Representing optimizations in this way also makes it easier for Cranelift maintainers to understand and debug existing optimizations and their effects, and makes writing new optimizations somewhat simpler. Cranelift has a custom domain-specific language (ISLE) that is used internally to specify optimizations.
While Cranelift does not organize its optimizations in phases, it does have ten different sets of related optimizations defined in their own ISLE files, which allows for a rough comparison with GCC and LLVM. LLVM lists 96 optimization passes in its documentation, while GCC has 372. The optimizations that Cranelift does have include constant propagation, bit operation simplifications, vectorization, floating-point operation optimizations, and normalization of comparisons. Dead-code elimination is done implicitly by extracting a representation from the E-graph.

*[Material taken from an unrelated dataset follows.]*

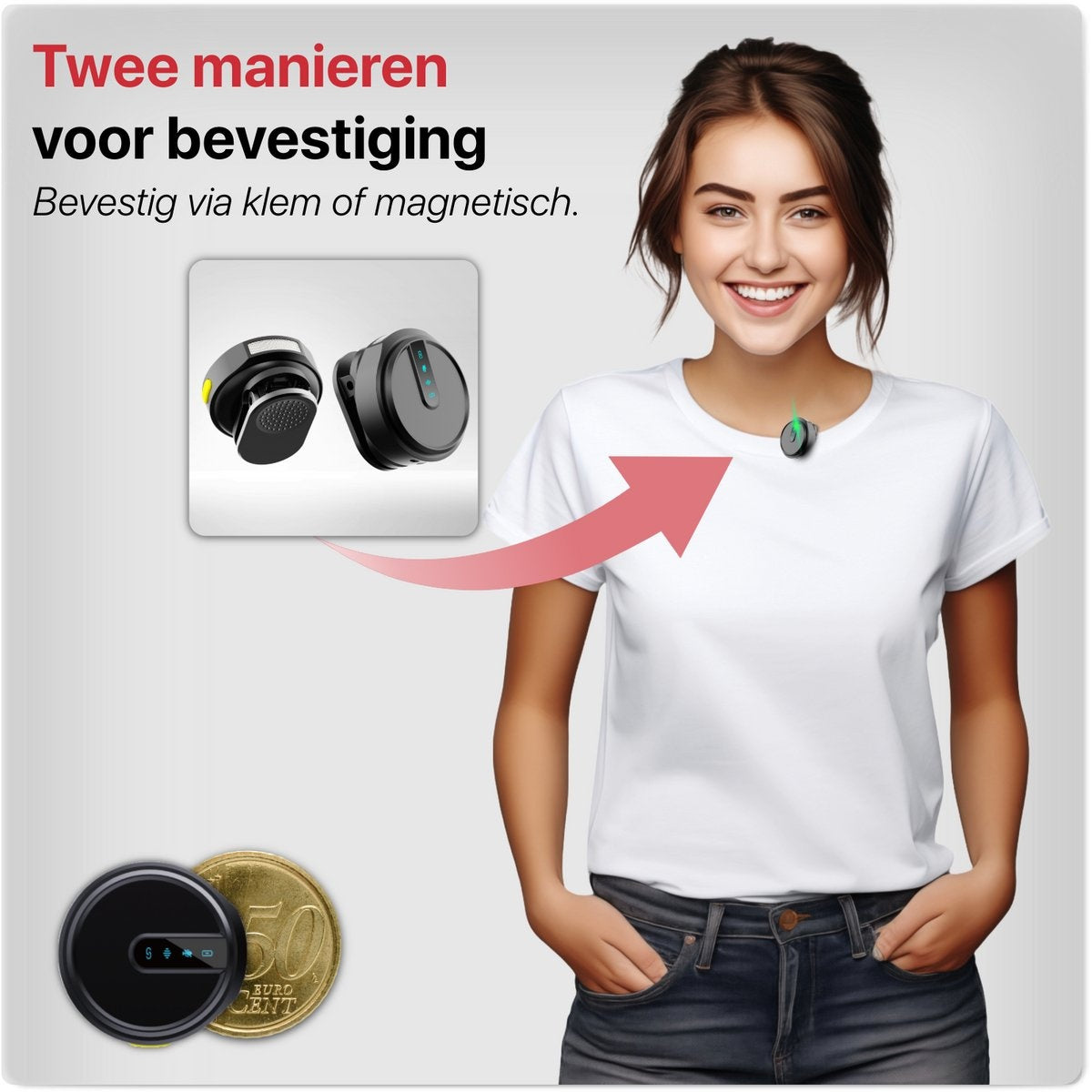 A woman in a white shirt smiles, demonstrating a small device. Two devices are shown in a box, and one attached to her shirt.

A paper from 2020 showed that Cranelift was an order of magnitude faster than LLVM, while producing code that was approximately twice as slow on some benchmarks. Cranelift was still slower than the paper's authors' custom copy-and-patch JIT compiler, however.
Cranelift for Rust
Cranelift may have been designed with the aim of being an alternate backend for Rust, but actually making it usable has taken significant effort. The Rust compiler has an internal representation (IR) called mid-level IR that it uses to represent type-checked programs. Normally, the compiler converts this to LLVM IR before sending it to the LLVM code-generation backend. In order to use Cranelift, the compiler needed another library that takes mid-level IR and emits CLIF.
That library was largely written by "bjorn3", a Rust compiler team member who contributed more than 3,000 of the approximately 4,000 commits to Rust's Cranelift backend. He wrote a series of progress reports detailing his work. Development began in 2018, and kept pace with Rust's own rapid development. In 2023, the backend was considered stable enough to ship as part of Rust nightly as an optional toolchain component.
People can now try the Cranelift backend using rustup and cargo:
$ rustup component add rustc-codegen-cranelift-preview --toolchain nightly $ export CARGO_PROFILE_DEV_CODEGEN_BACKEND=cranelift $ cargo +nightly build -Zcodegen-backend
The given rustup command adds the Cranelift backend's dynamic library to the set of toolchain components to download and keep up to date locally. Setting the CARGO_PROFILE_DEV_CODEGEN_BACKEND environment variable instructs cargo to use Cranelift for debug builds, and the final cargo invocation builds whatever Rust project lives in the current directory with the alternate code-generation backend feature turned on. The latest progress report from bjorn3 includes additional details on how to configure Cargo to use the new backend by default, without an elaborate command-line dance.
Cranelift is itself written in Rust, making it possible to use as a benchmark to compare itself to LLVM. A full debug build of Cranelift itself using the Cranelift backend took 29.6 seconds on my computer, compared to 37.5 with LLVM (a reduction in wall-clock time of 20%). Those wall-clock times don't tell the full story, however, because of parallelism in the build system. Compiling with Cranelift took 125 CPU-seconds, whereas LLVM took 211 CPU-seconds, a difference of 40%. Incremental builds — rebuilding only Cranelift itself, and none of its dependencies — were faster with both backends. 66ms of CPU time compared to 90ms.
Whether Cranelift will ameliorate users' concerns about slow compile times in Rust remains to be seen, but the initial signs are promising. In any case, Cranelift is an interesting showcase of a different approach to compiler design.